Não podemos cair no erro de construir trincheiras e ódios quando precisamos de união
Mas esse raciocínio, que em seu extremo nos leva a um choque de civilizações entre o Ocidente e o Islã, naufraga contra a evidência de que para cada ocidental assassinado por esses terroristas jihadistas, milhares de muçulmanos morreram.
Da guerra civil argelina, na qual nos anos noventa morreram entre 150.000 e 200.000 pessoas, até o Iraque, onde as cifras de vítimas posteriores à invasão de 2003 também se encontra entre 150.000 a 200.000 pessoas, ou o que acontece hoje na Síria, Líbia, Tunísia, Egito e outros cenários, o conflito dominante não é entre o Islã e o Ocidente, mas dentro do mundo islâmico, vítima de conflitos entrecruzados de caráter étnico, geopolítico e econômico, entre sunitas e xiitas, curdos e turcos, autoritários e democratas, laicos e religiosos, ricos e despossuídos.

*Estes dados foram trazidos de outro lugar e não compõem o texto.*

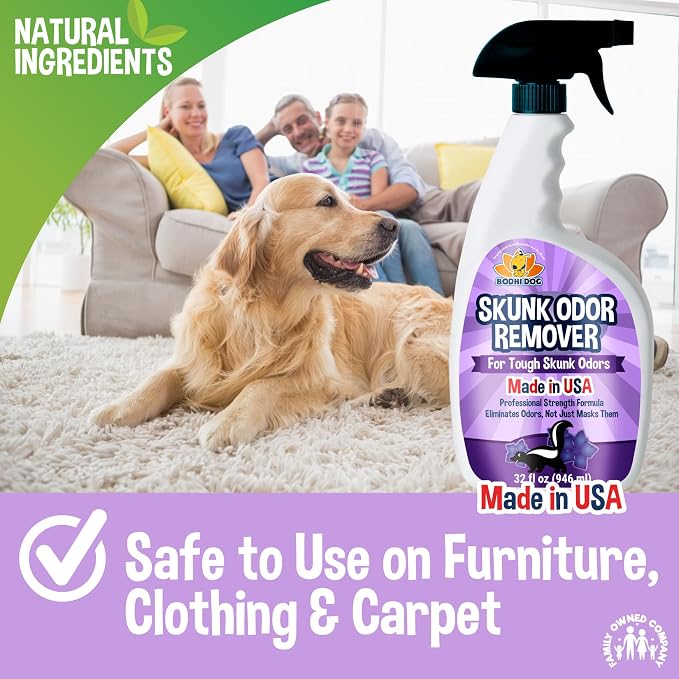 Bodhi Dog Skunk Odor Remover for Dogs & House – Fast-Acting Skunk Spray & Smell Eliminator for Pets, Carpet, Furniture, Bedding & Fabrics – Safe for Pets & Home (32 Oz)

Ignorar a profundidade e a severidade desses conflitos, nos quais elucida-se o modo e o caráter da modernização dessas sociedades, e deixar óbvio qual é nosso papel em sua criação e manutenção, dos tempos do colonialismo até hoje, nos leva a abandonar outra tentação recorrente nessas ocasiões: a de afirmar que o terrorismo é simplesmente barbárie niilista sem sentido. Não, o terrorismo, esse ou qualquer outro, é político e busca objetivos de dominação política, de modo que justamente para poder combater esses objetivos eficazmente, devemos entende-los em toda sua complexidade.
Tudo isso não é um pedido para renunciar nada nem relativizar nada. Como não poderia ser de outra maneira, o brutal massacre de Paris nos obriga a reafirmar nosso valores e princípios e não aceitar uma só renúncia na esfera dos direitos (tampouco, que fique claro, quando as sátiras ou brincadeiras são feitas com nossos símbolos ou instituições, sejam a Monarquia, a bandeira, a religião cristã, judaica ou qualquer outra). Que um humorista armado de um lápis possa ser considerado uma ameaça existencial para um fanático, mais até do que um soldado, é a prova do quão longe chegamos e os anos-luz que nos separam deles. Justamente por isso não podemos cair no erro de construir trincheiras e ódios quando precisamos de união e políticas eficazes.